WHAT THE EXERCISE ASKS:
Below is a set of records. Repeat all of them exactly.

TASK INPUT:
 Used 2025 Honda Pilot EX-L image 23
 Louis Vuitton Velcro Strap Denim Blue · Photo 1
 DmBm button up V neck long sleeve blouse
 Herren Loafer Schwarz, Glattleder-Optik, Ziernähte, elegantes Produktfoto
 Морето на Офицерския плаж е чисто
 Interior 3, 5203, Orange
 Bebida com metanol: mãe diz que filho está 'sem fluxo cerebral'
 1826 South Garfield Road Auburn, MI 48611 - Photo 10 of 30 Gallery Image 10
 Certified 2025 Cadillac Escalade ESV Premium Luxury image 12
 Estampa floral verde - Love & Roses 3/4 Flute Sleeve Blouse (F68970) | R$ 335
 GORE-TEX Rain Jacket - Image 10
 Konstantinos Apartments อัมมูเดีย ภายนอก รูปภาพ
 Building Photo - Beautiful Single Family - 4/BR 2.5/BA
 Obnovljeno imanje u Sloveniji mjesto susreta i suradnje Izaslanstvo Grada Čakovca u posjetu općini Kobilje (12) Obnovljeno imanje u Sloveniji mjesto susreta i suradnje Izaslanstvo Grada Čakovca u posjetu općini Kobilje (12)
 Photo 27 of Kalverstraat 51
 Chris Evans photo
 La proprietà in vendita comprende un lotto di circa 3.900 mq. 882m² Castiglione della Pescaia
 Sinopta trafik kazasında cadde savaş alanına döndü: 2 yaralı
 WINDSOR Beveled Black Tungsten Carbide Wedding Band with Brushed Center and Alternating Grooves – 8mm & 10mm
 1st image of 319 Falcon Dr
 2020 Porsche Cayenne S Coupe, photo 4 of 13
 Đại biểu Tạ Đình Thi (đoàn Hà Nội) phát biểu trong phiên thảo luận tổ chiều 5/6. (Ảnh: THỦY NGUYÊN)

OUTPUT FOR THIS TASK:
 Used 2025 Honda Pilot EX-L image 23
 Louis Vuitton Velcro Strap Denim Blue · Photo 1
 DmBm button up V neck long sleeve blouse
 Herren Loafer Schwarz, Glattleder-Optik, Ziernähte, elegantes Produktfoto
 Морето на Офицерския плаж е чисто
 Interior 3, 5203, Orange
 Bebida com metanol: mãe diz que filho está 'sem fluxo cerebral'
 1826 South Garfield Road Auburn, MI 48611 - Photo 10 of 30 Gallery Image 10
 Certified 2025 Cadillac Escalade ESV Premium Luxury image 12
 Estampa floral verde - Love & Roses 3/4 Flute Sleeve Blouse (F68970) | R$ 335
 GORE-TEX Rain Jacket - Image 10
 Konstantinos Apartments อัมมูเดีย ภายนอก รูปภาพ
 Building Photo - Beautiful Single Family - 4/BR 2.5/BA
 Obnovljeno imanje u Sloveniji mjesto susreta i suradnje Izaslanstvo Grada Čakovca u posjetu općini Kobilje (12) Obnovljeno imanje u Sloveniji mjesto susreta i suradnje Izaslanstvo Grada Čakovca u posjetu općini Kobilje (12)
 Photo 27 of Kalverstraat 51
 Chris Evans photo
 La proprietà in vendita comprende un lotto di circa 3.900 mq. 882m² Castiglione della Pescaia
 Sinopta trafik kazasında cadde savaş alanına döndü: 2 yaralı
 WINDSOR Beveled Black Tungsten Carbide Wedding Band with Brushed Center and Alternating Grooves – 8mm & 10mm
 1st image of 319 Falcon Dr
 2020 Porsche Cayenne S Coupe, photo 4 of 13
 Đại biểu Tạ Đình Thi (đoàn Hà Nội) phát biểu trong phiên thảo luận tổ chiều 5/6. (Ảnh: THỦY NGUYÊN)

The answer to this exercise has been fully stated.